Begriffs

Practical Guide to SQL Transaction Isolation

2017-08-01

You may have seen isolation levels in the documentation for your database, felt mildly uneasy, and went on with life. Few day-to-day examples of using transactions really mention isolation. Most use the database’s default isolation level and hope for the best. It’s a fundamental topic to understand however and you’ll feel more comfortable if you dedicate some time to study this guide.

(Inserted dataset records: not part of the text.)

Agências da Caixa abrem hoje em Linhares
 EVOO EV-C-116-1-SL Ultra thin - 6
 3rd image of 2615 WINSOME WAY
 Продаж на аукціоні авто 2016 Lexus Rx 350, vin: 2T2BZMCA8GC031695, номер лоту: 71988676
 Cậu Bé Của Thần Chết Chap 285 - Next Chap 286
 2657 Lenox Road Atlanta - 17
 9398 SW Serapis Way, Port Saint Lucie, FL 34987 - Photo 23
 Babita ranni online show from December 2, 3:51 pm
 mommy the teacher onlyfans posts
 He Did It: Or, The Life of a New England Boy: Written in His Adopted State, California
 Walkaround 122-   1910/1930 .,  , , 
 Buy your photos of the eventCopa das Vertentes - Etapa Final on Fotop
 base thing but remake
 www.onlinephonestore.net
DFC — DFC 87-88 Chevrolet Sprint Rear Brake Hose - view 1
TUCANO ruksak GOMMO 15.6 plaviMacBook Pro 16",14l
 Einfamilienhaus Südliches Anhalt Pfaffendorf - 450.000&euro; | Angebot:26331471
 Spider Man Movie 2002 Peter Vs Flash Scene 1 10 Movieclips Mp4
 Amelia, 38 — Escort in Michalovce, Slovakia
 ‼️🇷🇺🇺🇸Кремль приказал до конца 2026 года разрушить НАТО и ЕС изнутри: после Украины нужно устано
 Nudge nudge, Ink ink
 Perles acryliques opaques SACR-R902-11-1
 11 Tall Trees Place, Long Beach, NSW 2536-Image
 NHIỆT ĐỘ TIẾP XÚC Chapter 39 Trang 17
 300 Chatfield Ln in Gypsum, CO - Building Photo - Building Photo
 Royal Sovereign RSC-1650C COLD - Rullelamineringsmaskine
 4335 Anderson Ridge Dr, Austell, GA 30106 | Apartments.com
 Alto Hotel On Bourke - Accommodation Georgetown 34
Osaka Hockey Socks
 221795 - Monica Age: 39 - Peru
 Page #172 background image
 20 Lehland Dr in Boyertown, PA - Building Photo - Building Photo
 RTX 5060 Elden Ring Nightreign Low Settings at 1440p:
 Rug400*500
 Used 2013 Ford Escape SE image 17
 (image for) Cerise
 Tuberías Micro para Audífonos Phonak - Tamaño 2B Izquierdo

I have assembled this information from academic papers, the PostgreSQL docs, and discussions with colleagues to answer not just what isolation levels are, but when to use them for maximum speed while preserving application correctness.

Basic Definitions

To properly understand SQL isolation levels, we ought first to consider transactions themselves. The idea of a transaction comes from contract law: legal transactions must be atomic (either all provisions apply or none do), consistent (abiding by legal protocols), and durable (after commitment the parties cannot go back on their word). These properties are the A, C and D in the popular “ACID” acronym for database management systems. The final letter, “I” for isolation, is what this article is all about.

In databases, as opposed to law, a transaction is a group of operations that transform the database from one consistent state to another. This means that if all database consistency constraints were satisfied prior to running a transaction, then they will remain satisfied afterward.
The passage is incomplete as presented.